An interesting feature of the book is the large number of illustrations made from artistic photographs, all of which have been kindly contributed by amateur photographers. It contains nearly two hundred illustrations of views or incidents in Funchal, Granada, Algiers, Malta, Athens, Constantinople, Jerusalem, Cairo, Luxor, Naples, and Nice, reproduced from photographs taken by Mr. L. O. Smith, Rev. G. B. Burnwood, Mr. Charles Louis Sicarde, Mr. Franklin D. Edmunds, Mr. Roberts LeBoutellier, Mrs. Charles S. Crosman, Miss M. Florence Pannebaker, Mr. Walter F. Price, Mr. S. L. Schumo, Mr. George C. Darling, Mr. Howard E. Pepper, Mr. John W. Converse, Mr. C. Edwin Webb, and Mr. Edwin Alban Bailey.



It was yet early when we ascended the deck, but the sun was shining brightly. Funchal appeared like a beautiful picture. Overhead was the azure sky of a summer day; before us, stirred by a gentle breeze, glistened in blue and silver the waters of the harbor; on the curving shore, tier above tier, reflecting the sunshine, rose the white and yellow stone buildings of the city surmounted by roofs of red tiling; above the city, white cottages amidst a dense foliage of green shrubbery dotted the steep hillsides, and beyond, but seeming very near, higher mountains formed a dark and appropriate background.


As twilight was settling down we arrived on schedule time at the white stone station in Granada where carriages stood in waiting to convey us to the hotels. The Spanish drivers strove to surpass each other in speed. Our coachman lashed his horses till they ran like a run-away team. Regardless of anyone in the streets, grazing wagons by the way, overtaking and passing carriages ahead, he gave us the wildest ride we had ever taken. This chariot race to the hotel, a distance of over a mile, happily ended without accident or collision.

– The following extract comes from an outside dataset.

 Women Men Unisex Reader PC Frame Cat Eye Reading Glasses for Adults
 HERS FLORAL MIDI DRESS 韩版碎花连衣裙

On the porch of the Mosque we put our feet into the loose slippers, a Moslem attendant tied them on as carefully as the clumsy things could be tied, and then, accompanied by him, we entered the building. The immense floor, an acre in size, was covered with handsome heavy rugs. As we slid, rather than walked, over the soft Turkish carpets, our turbaned guide, with sharp, piercing, black eyes, watched carefully to see that our slippers did not become unfastened and drop off, and our infidel shoes profane the holy enclosure. And when one of the visitors laughed within the sacred edifice, the attendant’s black eyes flashed with anger.